━━ Data listing ━━

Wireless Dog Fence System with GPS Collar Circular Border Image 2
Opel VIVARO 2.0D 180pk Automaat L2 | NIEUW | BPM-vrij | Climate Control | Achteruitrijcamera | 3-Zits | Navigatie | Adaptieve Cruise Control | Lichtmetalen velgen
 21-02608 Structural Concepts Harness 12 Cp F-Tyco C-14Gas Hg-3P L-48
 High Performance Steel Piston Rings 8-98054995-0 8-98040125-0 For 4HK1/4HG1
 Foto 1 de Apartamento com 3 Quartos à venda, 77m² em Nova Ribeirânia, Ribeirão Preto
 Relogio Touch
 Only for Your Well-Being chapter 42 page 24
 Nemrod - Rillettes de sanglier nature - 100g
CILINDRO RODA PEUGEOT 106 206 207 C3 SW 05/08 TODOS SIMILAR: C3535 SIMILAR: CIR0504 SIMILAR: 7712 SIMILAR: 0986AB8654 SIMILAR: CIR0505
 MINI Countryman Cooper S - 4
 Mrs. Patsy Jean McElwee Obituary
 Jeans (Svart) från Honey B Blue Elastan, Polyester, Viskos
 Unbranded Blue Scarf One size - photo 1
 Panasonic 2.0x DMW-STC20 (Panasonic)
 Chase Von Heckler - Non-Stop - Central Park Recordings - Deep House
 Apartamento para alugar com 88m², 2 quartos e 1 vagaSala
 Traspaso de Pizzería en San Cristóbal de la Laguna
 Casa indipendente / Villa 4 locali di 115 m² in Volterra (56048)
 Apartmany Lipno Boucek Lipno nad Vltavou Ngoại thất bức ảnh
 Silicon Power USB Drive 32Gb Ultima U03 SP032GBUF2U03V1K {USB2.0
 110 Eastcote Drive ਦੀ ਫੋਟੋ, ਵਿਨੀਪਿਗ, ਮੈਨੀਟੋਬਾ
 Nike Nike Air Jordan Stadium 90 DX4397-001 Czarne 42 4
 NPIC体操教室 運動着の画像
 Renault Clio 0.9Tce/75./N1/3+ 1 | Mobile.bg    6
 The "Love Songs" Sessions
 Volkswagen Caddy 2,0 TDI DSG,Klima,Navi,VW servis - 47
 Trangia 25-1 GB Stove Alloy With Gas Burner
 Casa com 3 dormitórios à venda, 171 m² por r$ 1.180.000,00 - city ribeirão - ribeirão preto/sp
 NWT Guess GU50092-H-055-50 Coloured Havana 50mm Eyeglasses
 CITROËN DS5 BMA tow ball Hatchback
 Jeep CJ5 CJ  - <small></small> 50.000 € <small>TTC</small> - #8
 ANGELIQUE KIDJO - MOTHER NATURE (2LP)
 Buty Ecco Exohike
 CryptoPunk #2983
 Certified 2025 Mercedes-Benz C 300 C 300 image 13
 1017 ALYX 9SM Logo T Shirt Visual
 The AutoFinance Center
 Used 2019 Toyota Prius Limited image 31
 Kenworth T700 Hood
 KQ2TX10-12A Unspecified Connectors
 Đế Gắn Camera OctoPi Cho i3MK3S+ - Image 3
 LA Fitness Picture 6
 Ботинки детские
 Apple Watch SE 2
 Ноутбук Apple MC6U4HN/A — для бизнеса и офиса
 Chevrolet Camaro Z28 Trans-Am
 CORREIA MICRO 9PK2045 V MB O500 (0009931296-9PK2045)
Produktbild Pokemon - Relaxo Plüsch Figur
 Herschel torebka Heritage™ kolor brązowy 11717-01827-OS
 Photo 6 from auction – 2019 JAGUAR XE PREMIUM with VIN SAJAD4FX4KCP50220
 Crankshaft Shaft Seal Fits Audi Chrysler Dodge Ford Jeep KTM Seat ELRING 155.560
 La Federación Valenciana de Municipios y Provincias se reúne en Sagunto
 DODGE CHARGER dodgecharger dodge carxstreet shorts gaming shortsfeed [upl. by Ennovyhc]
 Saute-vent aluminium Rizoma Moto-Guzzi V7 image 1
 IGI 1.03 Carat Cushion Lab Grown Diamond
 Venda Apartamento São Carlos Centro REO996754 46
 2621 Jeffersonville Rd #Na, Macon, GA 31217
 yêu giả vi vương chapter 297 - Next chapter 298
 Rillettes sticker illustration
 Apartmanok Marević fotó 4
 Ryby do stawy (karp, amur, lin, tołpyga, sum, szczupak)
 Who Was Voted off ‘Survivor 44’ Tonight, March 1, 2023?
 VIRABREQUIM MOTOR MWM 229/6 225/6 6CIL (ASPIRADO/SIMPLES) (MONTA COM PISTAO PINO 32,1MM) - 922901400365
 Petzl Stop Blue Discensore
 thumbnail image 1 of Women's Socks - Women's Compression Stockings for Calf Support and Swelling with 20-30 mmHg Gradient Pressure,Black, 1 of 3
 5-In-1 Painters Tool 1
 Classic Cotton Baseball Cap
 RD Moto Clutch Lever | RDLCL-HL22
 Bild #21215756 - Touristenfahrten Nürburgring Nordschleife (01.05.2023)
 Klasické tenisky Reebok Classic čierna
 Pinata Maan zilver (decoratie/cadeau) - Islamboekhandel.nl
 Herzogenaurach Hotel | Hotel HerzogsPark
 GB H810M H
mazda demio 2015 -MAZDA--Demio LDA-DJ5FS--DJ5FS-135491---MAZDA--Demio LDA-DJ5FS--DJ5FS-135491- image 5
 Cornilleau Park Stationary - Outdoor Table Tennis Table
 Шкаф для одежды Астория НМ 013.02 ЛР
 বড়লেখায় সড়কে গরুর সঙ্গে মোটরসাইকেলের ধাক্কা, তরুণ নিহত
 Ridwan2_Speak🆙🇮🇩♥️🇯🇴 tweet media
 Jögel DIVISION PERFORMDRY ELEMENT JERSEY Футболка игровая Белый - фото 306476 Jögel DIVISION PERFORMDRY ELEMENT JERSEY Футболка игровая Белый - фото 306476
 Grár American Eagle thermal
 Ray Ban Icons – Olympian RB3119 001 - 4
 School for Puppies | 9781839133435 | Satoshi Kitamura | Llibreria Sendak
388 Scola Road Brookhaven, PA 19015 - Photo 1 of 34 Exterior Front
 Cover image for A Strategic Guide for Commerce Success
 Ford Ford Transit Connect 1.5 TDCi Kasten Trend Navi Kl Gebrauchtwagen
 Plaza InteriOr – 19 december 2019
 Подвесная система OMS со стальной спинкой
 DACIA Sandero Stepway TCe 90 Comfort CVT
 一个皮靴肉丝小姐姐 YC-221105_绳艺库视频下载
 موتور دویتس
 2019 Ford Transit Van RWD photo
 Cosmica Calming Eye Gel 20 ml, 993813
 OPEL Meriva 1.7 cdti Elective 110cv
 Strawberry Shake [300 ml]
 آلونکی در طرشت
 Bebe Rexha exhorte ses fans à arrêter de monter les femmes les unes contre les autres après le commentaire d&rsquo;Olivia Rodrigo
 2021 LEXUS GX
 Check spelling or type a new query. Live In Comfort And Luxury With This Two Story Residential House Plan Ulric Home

━━━

For each line in the data above that contains the string "Stop", extract the line.

 Chase Von Heckler - Non-Stop - Central Park Recordings - Deep House
 Petzl Stop Blue Discensore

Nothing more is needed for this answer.